■ **Try it**: Repeat the data exactly. Pictures stay out.
Dataset records below:
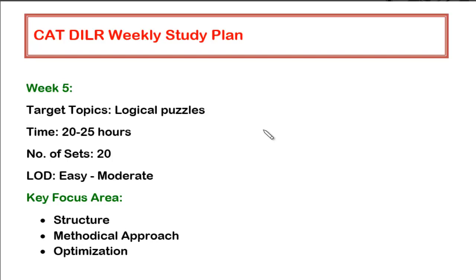Hello guys, I'm back with the study plan for week number five. Now in this week,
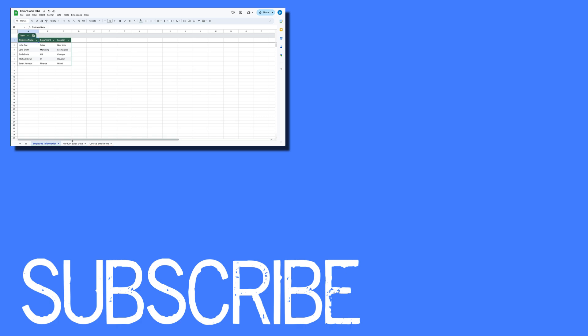If you found this video helpful please click that like button and subscribe to this channel to view more helpful videos in the future. Also please be sure to visit my website at therabbitpad.com.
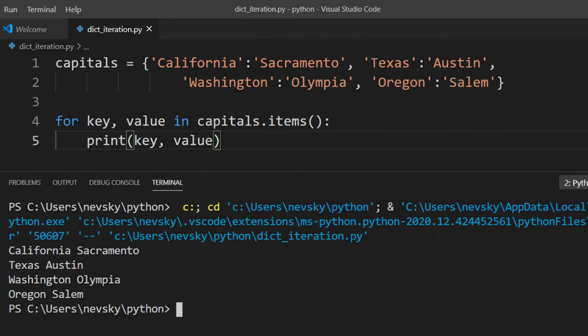And as you can see, we got all key and value pairs of our dictionary printed to the screen. That's all in this tutorial. Don't forget to check other tutorials on our channel. See you in the next tutorial, bye!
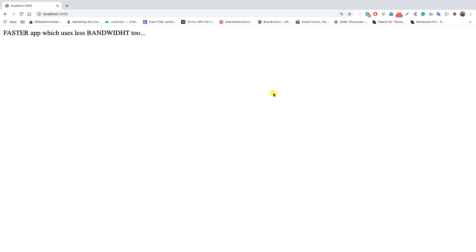Hey guys, welcome back again. In this video let's see how we can make our Node.js application super fast. The bonus thing is that it will also use less bandwidth on your server.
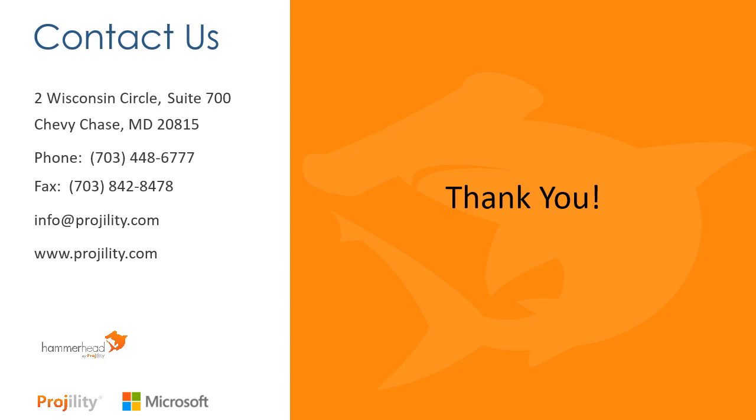Thank you everyone for watching our video today on the new Project for the Web. If we can be of service to you in helping your organization to implement Project for the Web, Project Online, or Project Server, please reach out to us. It would be our privilege to assist your organization. You'll find our contact information on this slide, including our email address info@projility.com. Thanks again for watching everybody, and bye-bye.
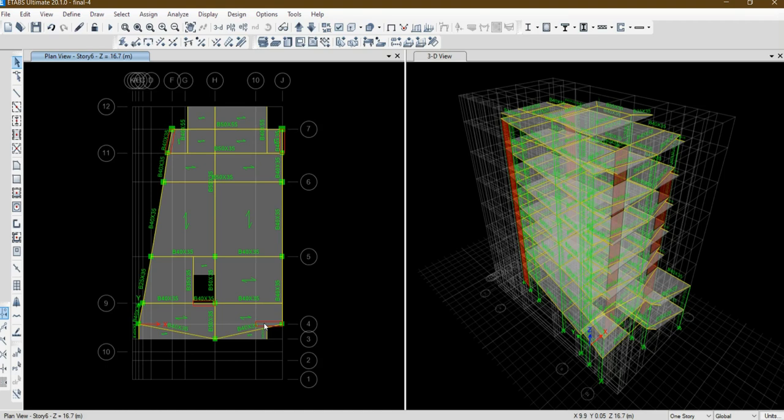In this video, we saw how to quickly edit lengths of shear wall very fast. You don't need to delete shear wall every time and again draw shear wall and assign everything. This is a very fast method you can use in ETAPS.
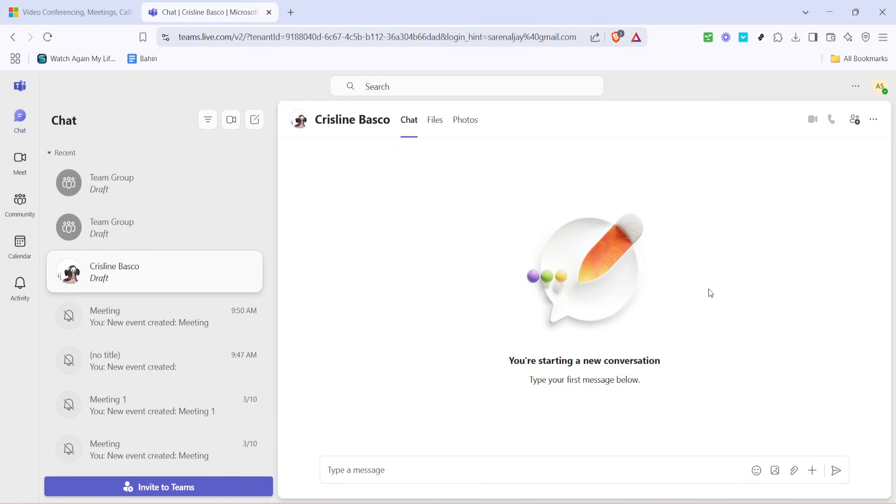During the call, you have several options at your disposal, such as muting your microphone, putting the call on hold, or even adding more people to the call to transform it into a conference call. These options help facilitate a more flexible calling experience, especially during collaborative discussions.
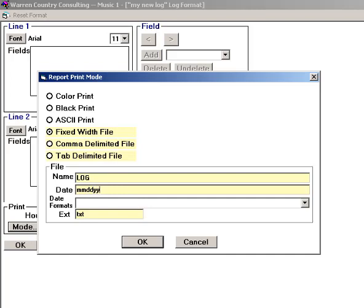In the Date field, we set the parameters as MMDDYY, or we could do it MMDDYYY for a four-digit year.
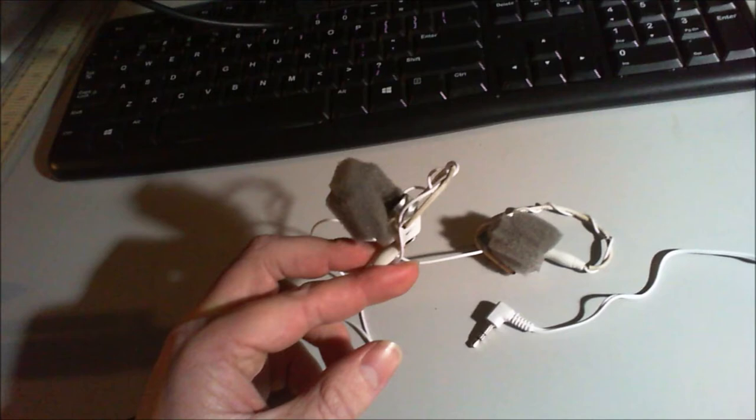You should be hearing me just over your left shoulder right now. And if I move over here, you should be hearing me just over your right shoulder right now.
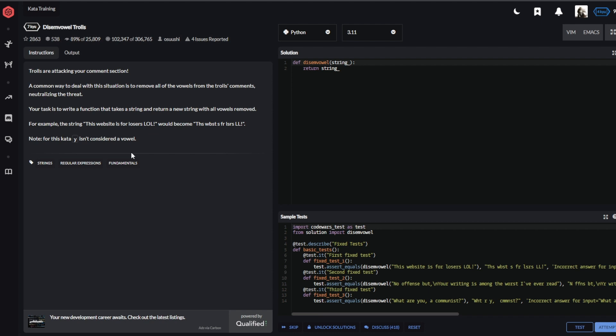For example, the string 'this website is for losers lol' would become... Note: for this, this letter isn't considered a vowel. I could just record a new video and look how you pronounce it, but I guess it's much more entertaining if you see me or hear me failing at pronouncing it, because this is a word which is impossible for Germans to spell.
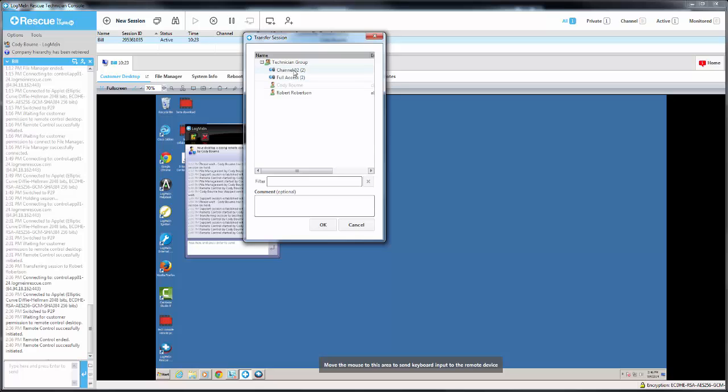From here, you can select the item that you wish to transfer the session to. This can be a group, a channel, or a technician.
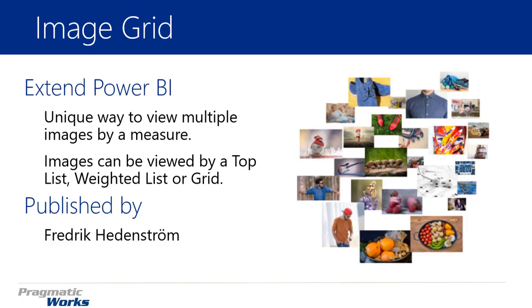The image grid is really just a unique way to show and view multiple images and then use a measure within your dataset to reorganize how those images are displayed. You can use that measure to perhaps show the top list of values, or maybe you want to have a weighted list of those values displayed by the image, or you can even just show images in a grid form.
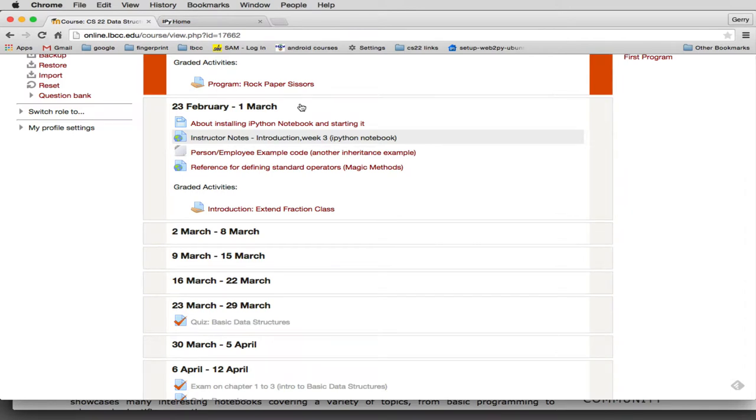Hello, we're ready to finish up Chapter 3. We have some more things to talk about in classes, and I'm going to do this in an IPython notebook.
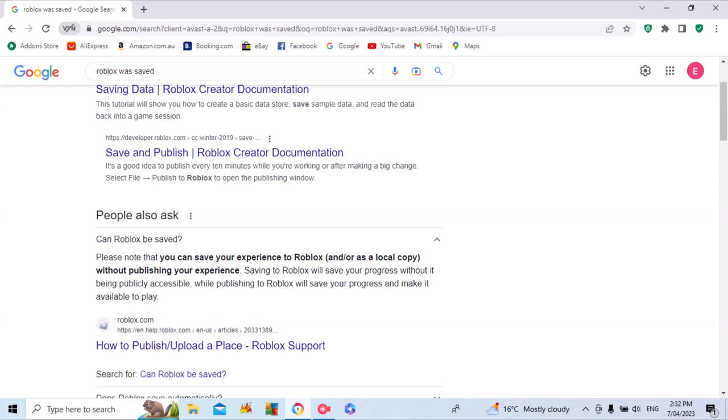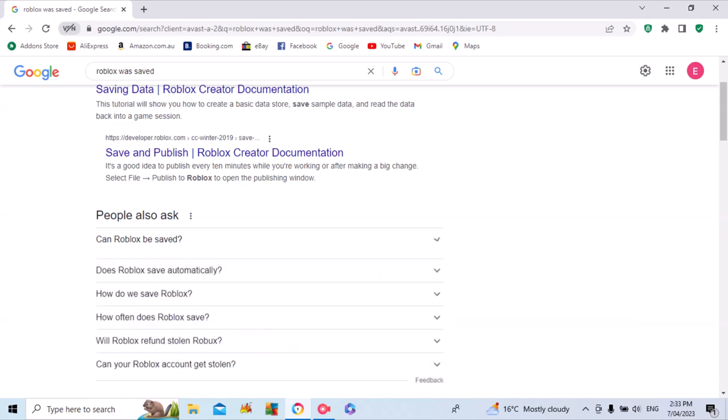Saving to Roblox will save your progress without it being publicly accessible. Publishing in Roblox will save your progress and make it available to play.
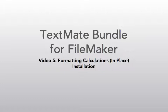Hello, this is Donovan with Beeswax, and welcome to my series on the TextMate Bundle for FileMaker. In this video, I'm going to show you how to install a service that lets you format your calculations in place. Now, I demoed this service in a different video, so I'm just going to jump straight to the installation.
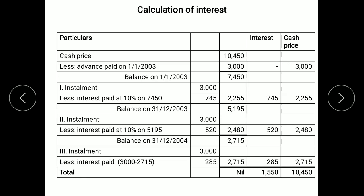The remaining columns are filled in: interest amount 745, cash price (principal) 2,255. The balance remaining is now 5,195. At the end of the second year, the second installment of rupees 3,000 is paid. We deduct the interest calculated at 10% on the unpaid balance of 5,195, which comes to approximately 520. The principal amount is 3,000 minus 520, which is 2,480. Interest amount 520, cash price paid 2,480.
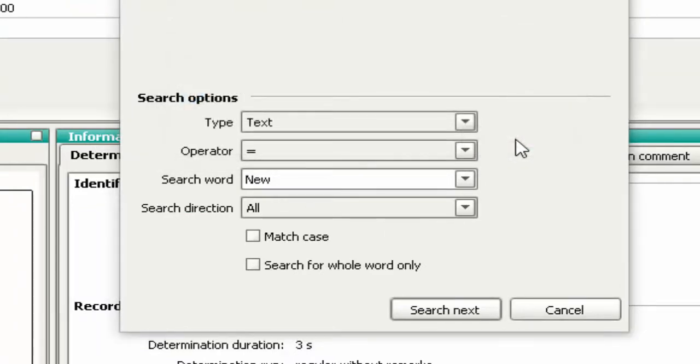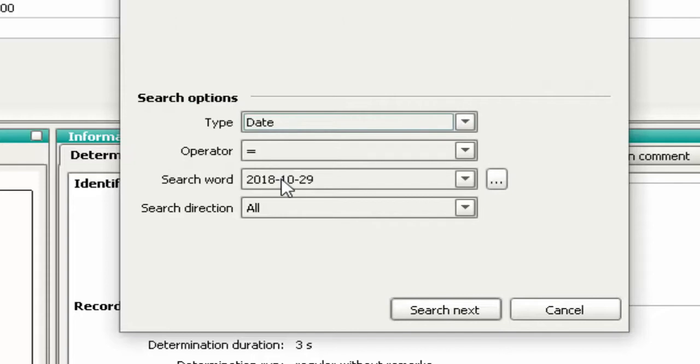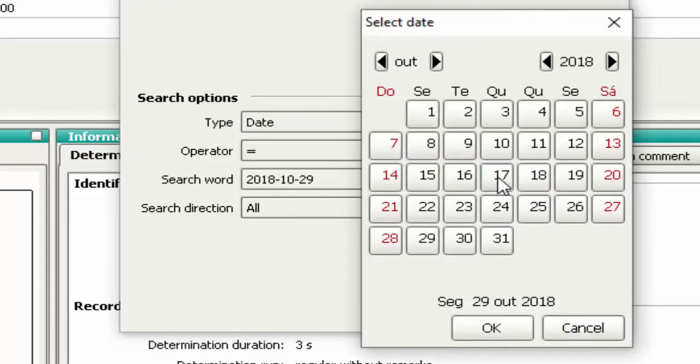Now let's look up a date. Select Date, click the Ellipsis button next to Search Word. Choose the date you want and click OK.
End of Dataset records.
■ **Task response**:
Hello guys, I'm back with the study plan for week number five. Now in this week,
If you found this video helpful please click that like button and subscribe to this channel to view more helpful videos in the future. Also please be sure to visit my website at therabbitpad.com.
And as you can see, we got all key and value pairs of our dictionary printed to the screen. That's all in this tutorial. Don't forget to check other tutorials on our channel. See you in the next tutorial, bye!
Hey guys, welcome back again. In this video let's see how we can make our Node.js application super fast. The bonus thing is that it will also use less bandwidth on your server.
Thank you everyone for watching our video today on the new Project for the Web. If we can be of service to you in helping your organization to implement Project for the Web, Project Online, or Project Server, please reach out to us. It would be our privilege to assist your organization. You'll find our contact information on this slide, including our email address info@projility.com. Thanks again for watching everybody, and bye-bye.
In this video, we saw how to quickly edit lengths of shear wall very fast. You don't need to delete shear wall every time and again draw shear wall and assign everything. This is a very fast method you can use in ETAPS.
During the call, you have several options at your disposal, such as muting your microphone, putting the call on hold, or even adding more people to the call to transform it into a conference call. These options help facilitate a more flexible calling experience, especially during collaborative discussions.
In the Date field, we set the parameters as MMDDYY, or we could do it MMDDYYY for a four-digit year.
You should be hearing me just over your left shoulder right now. And if I move over here, you should be hearing me just over your right shoulder right now.
For example, the string 'this website is for losers lol' would become... Note: for this, this letter isn't considered a vowel. I could just record a new video and look how you pronounce it, but I guess it's much more entertaining if you see me or hear me failing at pronouncing it, because this is a word which is impossible for Germans to spell.
From here, you can select the item that you wish to transfer the session to. This can be a group, a channel, or a technician.
The image grid is really just a unique way to show and view multiple images and then use a measure within your dataset to reorganize how those images are displayed. You can use that measure to perhaps show the top list of values, or maybe you want to have a weighted list of those values displayed by the image, or you can even just show images in a grid form.
Hello, we're ready to finish up Chapter 3. We have some more things to talk about in classes, and I'm going to do this in an IPython notebook.
Saving to Roblox will save your progress without it being publicly accessible. Publishing in Roblox will save your progress and make it available to play.
Hello, this is Donovan with Beeswax, and welcome to my series on the TextMate Bundle for FileMaker. In this video, I'm going to show you how to install a service that lets you format your calculations in place. Now, I demoed this service in a different video, so I'm just going to jump straight to the installation.
The remaining columns are filled in: interest amount 745, cash price (principal) 2,255. The balance remaining is now 5,195. At the end of the second year, the second installment of rupees 3,000 is paid. We deduct the interest calculated at 10% on the unpaid balance of 5,195, which comes to approximately 520. The principal amount is 3,000 minus 520, which is 2,480. Interest amount 520, cash price paid 2,480.
Now let's look up a date. Select Date, click the Ellipsis button next to Search Word. Choose the date you want and click OK.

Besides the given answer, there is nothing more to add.